:: Problem description ::
Exactly as they appear, retype the lines from the one containing "Immunohistochemical of paraffin-embedded" through the final line of the data below. Leave pictures out.

Brief descriptive captions
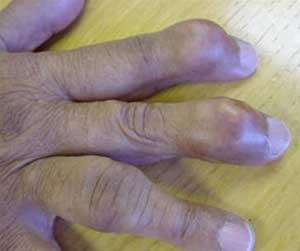 Ai dễ bị bệnh gút?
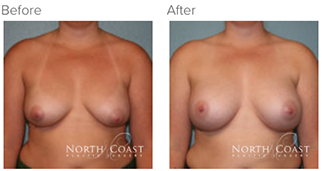 Before and After Ideal Breast Implants photos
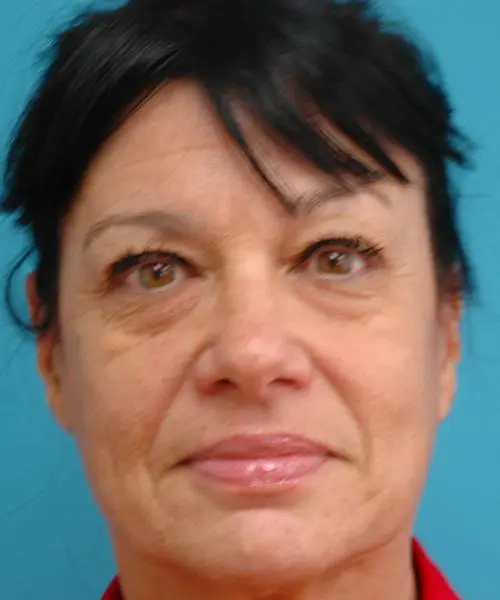 Face-Lift-33 Facelift Before and After Pictures Fort Lauderdale, FL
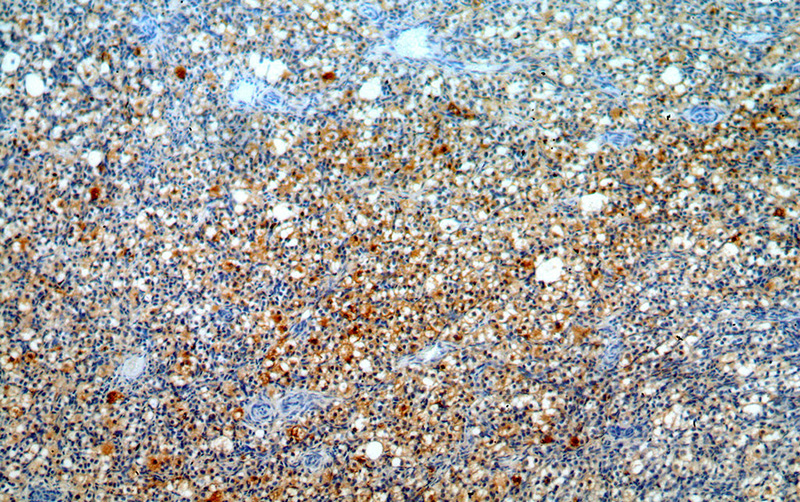 Immunohistochemical of paraffin-embedded human ovary using Catalog No:112756(MPRIP antibody) at dilution of 1:100 (under 10x lens)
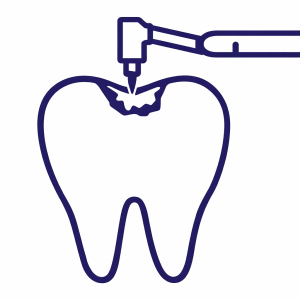 White Tooth Fillings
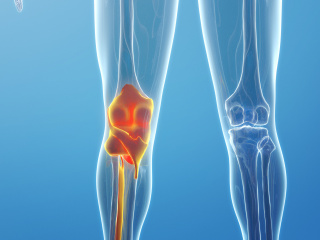立体膝关节C4D模型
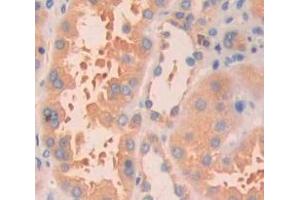 IHC-P analysis of Human Tissue, with DAB staining. (CCL14 anticorps  (AA 20-93))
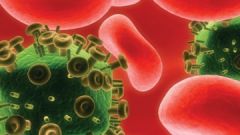Как распознать СПИД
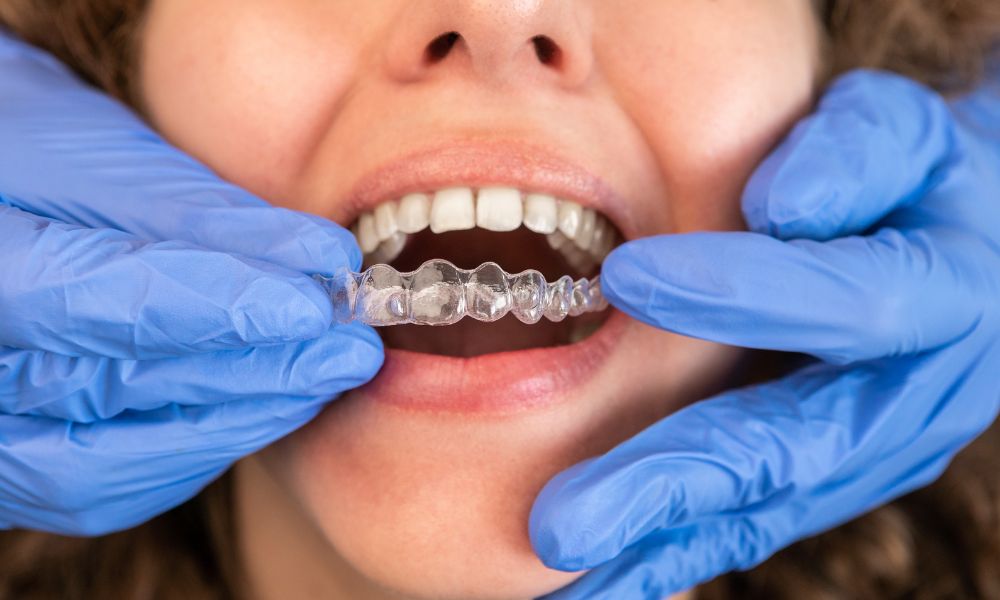 Ventajas Uso Invisalign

:: Reply to the task ::
 Immunohistochemical of paraffin-embedded human ovary using Catalog No:112756(MPRIP antibody) at dilution of 1:100 (under 10x lens)
 White Tooth Fillings
立体膝关节C4D模型
 IHC-P analysis of Human Tissue, with DAB staining. (CCL14 anticorps  (AA 20-93))
Как распознать СПИД
 Ventajas Uso Invisalign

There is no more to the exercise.